July 27, 2023

ACA Connects Members: Going the Extra Mile (and Then Some) to Connect Their Communities

By Grant Spellmeyer, President and CEO, ACA Connects

Earlier this month, I traveled to Alaska to visit GCI, an ACA Connects Member based in Anchorage whose mission is to deploy high-speed broadband and other communications services to some of the most remote, hard-to-serve locations in the United States.  The trip was an incredible opportunity to witness firsthand the immense challenges GCI faces and the tremendous effort it undertakes in serving its communities amid the glaciers astride Denali Mountain and the tiny villages in the Aleutian archipelago.

From left: NTIA Broadband Program Specialist Tyler Sacthelben; GCI Director of Rural Affairs Jenifer Nelson; ACA Connects Chairman Patricia Jo Boyers; and ACA Connects President & CEO Grant Spellmeyer in Port Lions, Alaska.

My visit was yet another reminder of what ACA Connects Members – a vital contributor to America’s smaller business fabric – can accomplish. Our Members – independent providers of cable, voice, and broadband services – have demonstrated over many decades the critical role they play, especially in connecting rural communities with the latest and most advanced communications services.  In the early days of the association, our Members built out cable networks that enabled residents of smaller towns and more remote areas to receive the same suite of video programming that consumers in urban and suburban areas enjoyed, and they continuously invested to upgrade the quality of these offerings.

Then, they expanded their service offerings to give subscribers competitive options for voice service.  More recently, they have been at the forefront of deploying high-speed broadband and closing the digital divide.  Further, our Members have expanded their service territories by some 33% over the past decade, such that they are giving choice to consumers that once were served only by the larger communications providers.  

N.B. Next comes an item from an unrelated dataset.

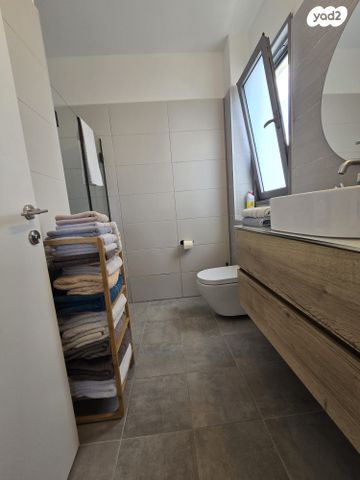 גג/ פנטהאוז, הפרחים, חריש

This success has not come without a few battle scars.  For years, we have fought against television broadcast giants that charge unreasonable fees for retransmission consent – fees that are 30% more than they charge large cable providers and that continue to rise with no sign of stopping.  While cable service may have waned in the face of over-the-top video, these vastly inflated fees have only accelerated the demise of a service that most consumers once considered essential.  Unfortunately, the government has not stepped in to curb these abuses of market power. On the contrary, the FCC recently launched a proceeding on “all-in pricing” that seems to take this warped marketplace for granted.  The agency’s proposal ignores the fact that our Members’ cable subscribers are outraged, not about pricing transparency, but about the prices themselves. Rates for cable service continue to soar far faster than the rate of inflation because of the market power the government has handed broadcasters. Even worse, these ever-increasing fees eat up capital that would otherwise be available for network upgrades and expansions. The FCC’s proposal, rather than addressing these problems, would only serve to diminish our Members’ efforts to make clear to their subscribers why their cable bills keep rising.

“We will fight any form of rate regulation of broadband service.”

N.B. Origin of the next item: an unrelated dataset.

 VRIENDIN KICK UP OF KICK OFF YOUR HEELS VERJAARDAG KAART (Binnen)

– Grant Spellmeyer, ACA Connects President & CEO

ACA Connects has fought other actions by government that seek to impose unreasonable and unnecessary requirements on our Members or that fail to account for the fact that smaller businesses lack the resources of the bigger providers to comply.  Our Members have no issue with laws and regulations that have clear benefits and that do not saddle them with unreasonable burdens.  But, when they do not meet these thresholds, they serve no public purpose and are only a drag on our Members’ businesses and the services they provide their subscribers. That is why we will fight any form of rate regulation of broadband service, a market where competition is thriving, where rates have remained steady – and in fact, have dropped tremendously on a “per Meg” basis – and where regulation will increase the cost of investing in new network capabilities.  In a very real sense, rate regulation – even just the threat of it – is a tax.  And just like anything else, if you want more broadband, you shouldn’t tax it without ample evidence that the market is not working.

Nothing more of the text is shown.